I had the opportunity to know a track coach very well; he gave me 2 pole vaulting poles which were ~16' and ~14'. I cut off the bad/frayed/split sections from the years of use to around 10' and 9' each. I used a hardwood dowel about 22" long as a ferrule coating it with epoxy, then thicken epoxy (using woodflour) on the inside and 2 layers of 6oz fabric on the outside. I made a foot and point from some plastic (bathroom partition material that I believe to be similar to starboard, except it's black). It has held up really well and I can manage it quite easily for a full day of fishing, although I am probably a stronger guy than the average angler at 6'2 and 260# (ex football player). I do not have a final weight for my home-made push pole, but I can try and get one in the next few days if desired...


----------



## Godzuki86 (Nov 30, 2013)

Smackdaddy53 said:


> Not no but hell no. If you pole for any real amount of time you will want to save your allowance and buy a graphite pole.


I never believed this until I bought a good pole. I thought my fiberglass was fine and the extra weight didn’t matter. Boy was I wrong. If you are pushing your boat around with a stick, get a nice stick.


----------



## Smackdaddy53 (Dec 31, 2012)

Godzuki86 said:


> I never believed this until I bought a good pole. I thought my fiberglass was fine and the extra weight didn’t matter. Boy was I wrong. If you are pushing your boat around with a stick, get a nice stick.

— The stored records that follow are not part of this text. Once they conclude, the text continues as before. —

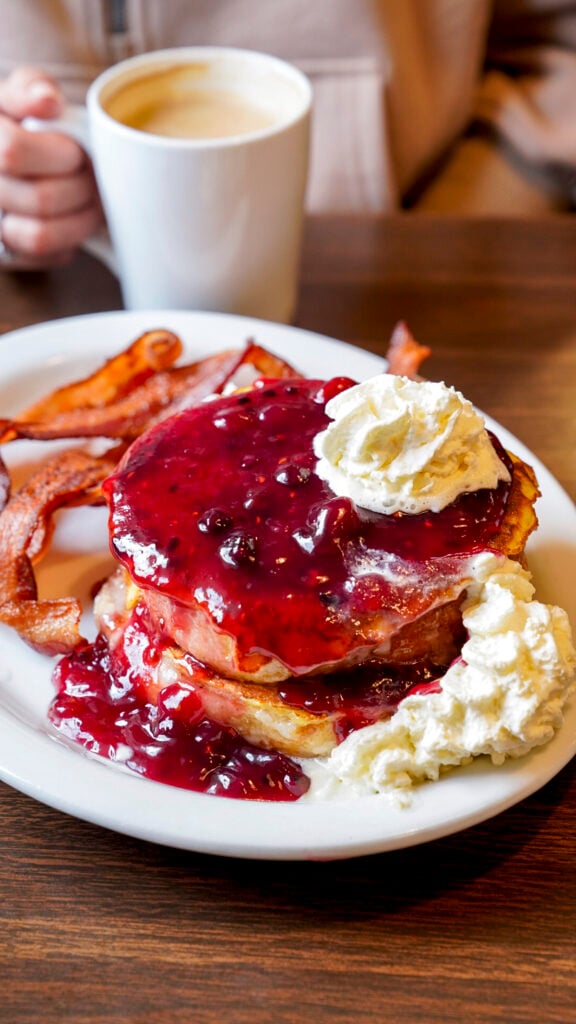 A Loaded cinnamon roll at The Cookie Jar, one of the best restaurants in Fairbanks Alaska.
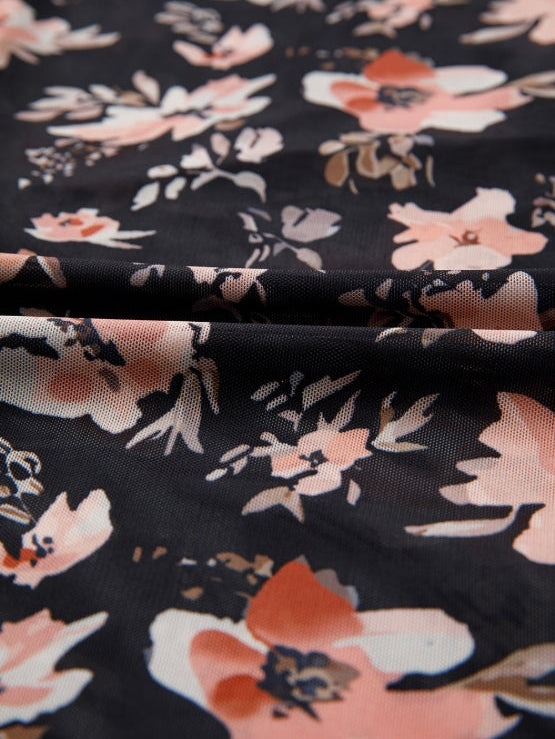 Women Floral Mock Neck Long Sleeve Blouse NicholesGifts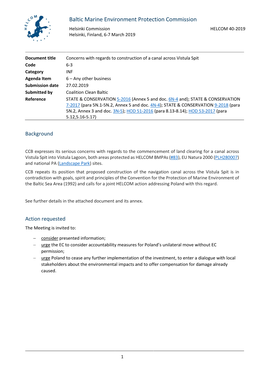 6-3 Concerns with Regards to Construction of a Canal Across Vistula Spit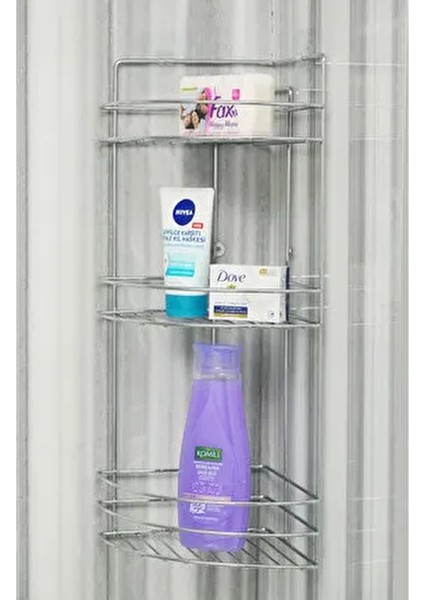 Paslanmaz Krom 3 Katlı Banyo Köşeliği - Şampuanlık, Köşelik Banyo Rafı, Dayanıklı ve Şık Tasarım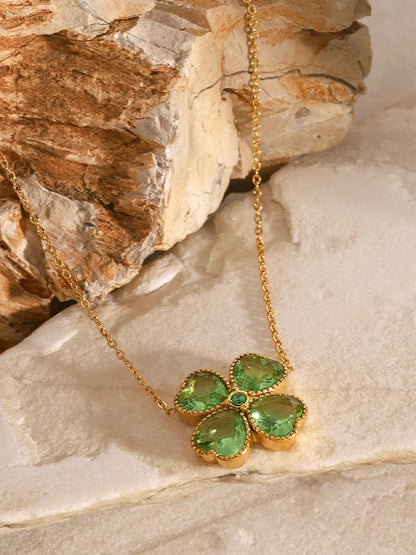 Stainless Steel Zircon Lucky Clover Pendant Necklace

8-10 miles of poling is no joke!


----------



## Godzuki86 (Nov 30, 2013)

Smackdaddy53 said:


> 8-10 miles of poling is no joke!


Especially when your boat is a tank.


----------



## tomahawk (Mar 9, 2012)

I built one at 20' and wouldn't recommend it. Very flexy and water intrusion as well as GG14 mentioned. I cut it down to 16' and it was marginally better Their stick anchor kits are great though.

Look at bamboo for a cheap option, much better than that DIY FG from max gain.


----------



## GG34 (May 2, 2014)

I second the anchor stick though. Well worth it.


----------



## krash (Jan 9, 2007)

I pole a 14'4" solo canoe and my a buddy also poles a 14' Sq. Stern tandem canoe.. in shallow inches to 3' or 4' depths... but 4' is about the deepest I'd want to pole in.

14' Pole seems to be the sweet spot... I have a 2 piece Stiffy fiberglass pole and friend has a one piece 14' carbon fiber pole. That carbon pole is sweet although much more flex and not cheap. The 2 piece fiberglass is not nearly as light, started life as a 12' pole and last year I had it lengeth'ned to 14' by haveing 2' added to the pointy end, I'd say it's close to 4.5# but manageable. A single piece would be a bit lighter but not by much.
If I had the $$ I'd do a carbon pole, but in my cash limited world its fiberglass. I've had that pole and been using it for several years on both the canoe and my SUP.

If you are not rushed watch the classifieds and CL and you'll find a good used one. If you can find someone who has snapped a few feet off a longer pole its not difficult to cut the bad end off and repair with new ends. I recently saw a guy at the ramp drop his pole pulling out and someoen else ran it over crushing about 6' of the end...


----------



## Boneheaded (Oct 4, 2017)

I can vouch for mgs4u's ferrules, shallow water anchors.. heavy as they might be. i found my 20ft stiffy hybrid broken in half in some bushes working at my old university.

Weight is a big deal, i push my hobie skiff with the now 19ft stiffy hybrid and my jonboat with a fg biscayne ...there is no comparison...the fiberglass pole makes it feel like im pushing the hobie instead on the jon.
save youre time and money, do it right.


----------



## crboggs (Mar 30, 2015)

For skinny water (under 24") spend the extra coin for the light pole. It will make a large difference.

For deeper water (over 24-36") I actually prefer the hybrid or glass poles because they are less buoyant and are easier to plant in deeper water while poling.

Right now I need a solution for my canoe. I'm thinking something in the 10' range. Have been thinking about trying a piece of bamboo...


----------